O frio, porém, não foi o pior dos elementos que se abateram sobre um território do concelho entre a vila de Campo Maior e as aldeias de Ouguela e Degolados, delimitado pela ribeira de Abrilongo e o rio Xévora e, a norte desses cursos de água, pela linha de fronteira com Espanha. Naquelas duas noites, uma invulgar actividade humana quebrou o silêncio dessas extensões planas e pregou valente susto aos poucos que, pela madrugada, atravessaram aquelas paragens para trabalhar no campo ou, quem sabe, trilhando rotas de contrabando.
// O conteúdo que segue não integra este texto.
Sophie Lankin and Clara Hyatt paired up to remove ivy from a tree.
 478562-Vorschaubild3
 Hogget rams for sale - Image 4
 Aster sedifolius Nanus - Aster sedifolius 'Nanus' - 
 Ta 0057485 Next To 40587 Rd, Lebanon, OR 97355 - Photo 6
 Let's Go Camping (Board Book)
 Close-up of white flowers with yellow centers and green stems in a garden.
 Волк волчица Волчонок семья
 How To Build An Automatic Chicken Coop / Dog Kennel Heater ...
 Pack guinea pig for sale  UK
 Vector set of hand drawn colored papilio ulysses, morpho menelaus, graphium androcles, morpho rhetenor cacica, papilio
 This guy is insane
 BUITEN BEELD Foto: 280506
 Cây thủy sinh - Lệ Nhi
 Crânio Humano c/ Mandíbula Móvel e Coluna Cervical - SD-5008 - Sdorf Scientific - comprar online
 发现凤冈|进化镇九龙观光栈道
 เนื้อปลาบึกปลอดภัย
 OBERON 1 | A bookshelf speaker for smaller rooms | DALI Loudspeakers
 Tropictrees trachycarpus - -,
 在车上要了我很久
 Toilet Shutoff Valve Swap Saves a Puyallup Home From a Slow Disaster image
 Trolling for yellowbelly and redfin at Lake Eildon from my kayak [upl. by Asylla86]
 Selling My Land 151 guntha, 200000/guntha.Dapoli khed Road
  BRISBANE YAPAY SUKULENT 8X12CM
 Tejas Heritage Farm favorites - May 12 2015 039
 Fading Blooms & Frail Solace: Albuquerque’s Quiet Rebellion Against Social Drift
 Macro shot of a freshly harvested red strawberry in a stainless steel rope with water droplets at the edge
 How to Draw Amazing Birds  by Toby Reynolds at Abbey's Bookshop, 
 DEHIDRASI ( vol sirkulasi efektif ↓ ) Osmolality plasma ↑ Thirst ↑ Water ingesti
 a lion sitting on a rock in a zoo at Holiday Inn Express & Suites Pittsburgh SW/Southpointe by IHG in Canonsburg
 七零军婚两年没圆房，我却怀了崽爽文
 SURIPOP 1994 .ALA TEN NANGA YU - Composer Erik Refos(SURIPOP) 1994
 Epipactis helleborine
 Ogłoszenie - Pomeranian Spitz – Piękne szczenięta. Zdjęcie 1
Cerca de uma centena de militares, soldados da GNR e agentes da Polícia de Vigilância e Defesa do Estado (PVDE, polícia política do regime salazarista), concentraram-se nas noites de 13 e 14 de Novembro de 1944 em vários pontos, numa operação conjunta entre forças portuguesas e espanholas. Primeiro na Referta da Ouguela, a uma dezena de quilómetros de Campo Maior por estrada, e na noite seguinte nas Minas da Tinoca, no trajecto para Portalegre, com desvio pela aldeia de Degolados (sensivelmente à mesma distância de Campo Maior, mas para noroeste). A sua missão: cercar, deter e identificar refugiados espanhóis, considerados "perigosos salteadores e comunistas", que se sabia viverem na zona conhecida pela polícia política como "República de Andorra", um vasto triângulo de terra sem controlo efectivo das autoridades cujos vértices eram Campo Maior, Ouguela e Degolados.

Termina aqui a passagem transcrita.